At this time, as shown in FIG. 6, numbers (1-7) indicative of the results of the test of the chips are displayed on a screen in correspondence with the each of positions of the semiconductor chips on the wafer substrate. At the same time, the number of semiconductor chips detected as having a given value (one of 1-7) is displayed on the screen for each of the detected values. These numbers (1-7) indicate the quality level of the semiconductor chips. For example, the number 1 denotes a good quality, 2 denotes a quality that can be made good through a very simple correction processing, 3 denotes a quality that can be made good through a relatively simple correction processing, 4 denotes a quality that can be made good through a complicated correction processing, 5 denotes a device failure (defective device), 6 denotes a memory failure, and 7 denotes a function failure. The quality level is determined every time in accordance with the test contents and the test results.
By summing up such quality level, the quality level (failure level) in which the detected number of the semiconductor chips is large is clarified. The causes of the failure are investigated and the results of the investigation are fed back to the manufacturing step for the prevention of failures for the same reason the next time the product is manufactured.
Generally, in testing semiconductor chips, a wafer prober or the like is used which has a tester having a plurality of groups of probes which are each a test portion for testing one semiconductor chip. The wafer prober is used to carry out parallel measurement for testing a plurality of semiconductor chips at the same time, thereby shorting the test time.
For example, there will be considered a case of a wafer prober in which a tester having sixteen groups of probes arranged in eight rows and two columns is provided. The semiconductor chips formed on the wafer substrate are positioned in rows and columns as shown in FIG. 7. As shown in FIG. 7, the tester is disposed at a test start reference position (the slanted line region of FIG. 7). In the case where a semiconductor chip corresponding to at least one of the sixteen groups of probes of the tester is present, the semiconductor chip is tested by the group of probes corresponding thereto. When the test by the groups of probes is completed, the tester is shifted two rows, and a test region 40 is shifted by two rows. When a semiconductor chip is present which corresponds to at least one of the probes, the semiconductor chip is tested with the group of probes corresponding thereto. When testing of all the semiconductor chips formed at the positions of rows one to eight on the wafer substrate is completed by repeating the aforementioned process, the tester is returned to the test start reference position and is shifted eight columns. Thereafter, testing of the semiconductor chips formed at the positions of rows nine to sixteen on the wafer substrate is carried out as described above.

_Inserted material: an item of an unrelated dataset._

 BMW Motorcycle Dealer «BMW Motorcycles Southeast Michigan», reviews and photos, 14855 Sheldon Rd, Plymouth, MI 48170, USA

By repeating such operations, all of the 536 semiconductor chips formed on one wafer substrate are tested by the movement of the tester 48 times (carrying out testing 48 times).
Shortening of the test time is important in terms of improving manufacturing efficiency. Conventionally, there has been proposed a wafer prober that is capable of moving the tester freely in order to carry out testing in a short time. As shown in FIG. 8, there is proposed a system in which the test region 40 can be set in correspondence with the configuration of a disc-shaped wafer substrate by moving the tester along the configuration of the disc-like wafer substrate so that the number of times testing is carried out by the tester is decreased.
In the example shown in FIG. 7, all of the 536 semiconductor chips are tested by carrying out testing 48 times. However, by moving the tester in accordance with the configuration of the disc-shaped wafer substrate, it becomes possible to test all of the 536 semiconductor chips in 44 tests. The time required for testing can thus be shortened by the amount of time required for four tests.
Since the semiconductor chips are very small and the electrodes formed on the semiconductor chips are also considerably minute, the probe for applying voltage to the semiconductor chips by contacting the electrode of the chip is also extremely small. As a result, the probe is liable to be broken if a load is applied to the probe during the movement of the tester, or the probe gets caught on the edge of the wafer substrate.
Accurate test results cannot be obtained from damaged probes. Thus, even a good quality semiconductor chip which is subjected to testing may be detected as being a poor product. Such incorrect test results are unfavorable. Therefore, it is necessary to detect at an early stage the fact that the probe has been damaged, so that adjustments to the semiconductor test device can be made and the test instruments can be checked with a view to restoring normal operation in a short time.
Conventionally, when results of testing the semiconductor chip (the quality levels of the semiconductor chips) are displayed on the screen in correspondence to the positions of the semiconductor chips on the substrate, the relative position of the probe with respect to the tester (hereinafter referred to as DFT (Device For Testing)) is displayed on the screen in an overlaid manner on the test results of the semiconductor chips on the monitor, so that the operator can detect the damage caused to the probe as soon as possible.
With a wafer prober in which the movement of the tester is restricted, for example, as shown in FIG. 7, since each of the DFT""s is shifted (arranged)along the same column on the wafer substrate, the damage on the probe can be detected relatively easily. However, in a case where testing is carried out by using a wafer prober in which the tester is moved freely, for example, as shown in FIG. 8, the respective DFT""s are not necessarily shifted along the same column on the wafer substrate. Thus, it is difficult to detect at an early stage which of the DFT""s is damaged.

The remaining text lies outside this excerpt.